The Asus ProArt StudioBook 16 OLED is a stroke of innovative genius.

5 Star Rating
The Asus ProArt Studiobook 16 OLED on a wooden table
(Image: © Future)

Our Verdict

The Asus ProArt Studiobook 16 OLED is one of the best portable workstations for creative professionals, breaking away from the boring, traditional designs to provide genuinely useful and innovative solutions to streamline your experience using the device.

For

  • 16-inch 4K OLED display
  • Incredibly powerful components
  • Unique Asus Dial for use in Adobe apps
  • Great variety of ports

Against

  • No included stylus

Creative Bloq Verdict

The Asus ProArt Studiobook 16 OLED is one of the best portable workstations for creative professionals, breaking away from the boring, traditional designs to provide genuinely useful and innovative solutions to streamline your experience using the device.

Pros

  • + 16-inch 4K OLED display
  • + Incredibly powerful components
  • + Unique Asus Dial for use in Adobe apps
  • + Great variety of ports

Cons

  • - No included stylus

The new Asus ProArt Studiobook 16 OLED might look quirky at first glance, but every design choice has been meticulously thought out to create the ultimate portable workstation for creatives. 

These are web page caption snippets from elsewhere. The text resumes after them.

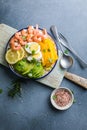 Buddha bowl with avocado, prawns, rice, on light background. Healthy food, clean eating, Buddha bowl, top view Royalty Free Stock Photo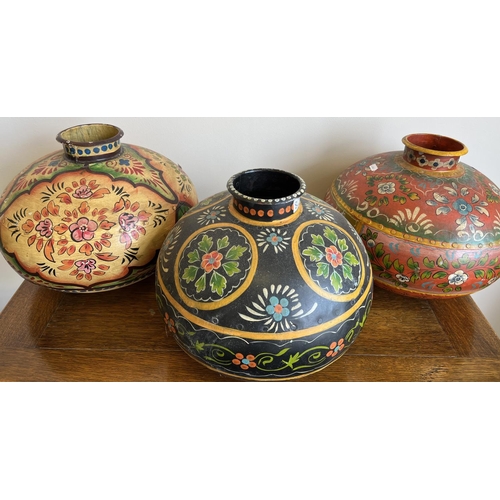 829 - Three Indian painted metal matka (water pots), in orange, red and black, D35cm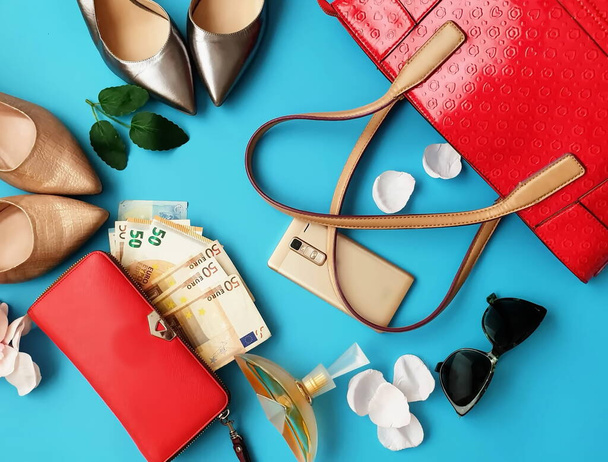  donne vestiti accessori rosso borsetta portafoglio con euro soldi occhiali da sole, telefono e profumo aroma su sfondo blu moda business sfondo
  - Foto, immagini
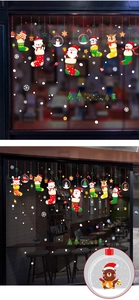 Christmas window decals showing festive Santa, reindeer and snowman on a coffee shop glass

Asus proves itself frequently to be very capable of creative devices that serve a target market well, from its Republic of Gamers (abbreviated to ROG) brand for luxury gaming devices, to its VivoBook range of laptops that are best optimised for graphically demanding creative applications. The ProArt Studiobook has had previous iterations, but this new OLED flavoured beast is in a league of its own.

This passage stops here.